ですが、「残業してでも、もっと働いて自分を高めたい社員」もいます。または、「残業するよりも日常の生活を大切にしたい社員」もいます。成熟した日本では、社会環境が大きく変化しており、従業員が求める働き方は1つではありません。働き方への要望は多様化しています。社員は、多様な働き方を選択でき、その選択した働き方で生産性を向上することを望んでいます。

多様な働き方のオプションを提供すれば、社会的な課題である雇用が増えない理由の1つ「雇用のミスマッチ(人が集まらない/人がやめてしまう)」の問題を解消することができます。

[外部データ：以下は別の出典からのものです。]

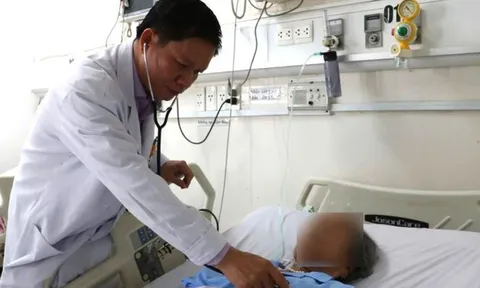 Cụ bà 77 tuổi nhập viện cấp cứu vì sai lầm nhiều người mắc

それによって、生産労働人数を増やし、その働き方に見合う形で生産性を向上することができます。

以上のように、本来、働き方改革は「多様化する社員のニーズを汲み取った組織改革を通して、生産性をさらに向上させること」を目指すべきであり、そのためには「残業を減らす」「テレワークを導入する」という単純で一律な対策だけでは不十分です。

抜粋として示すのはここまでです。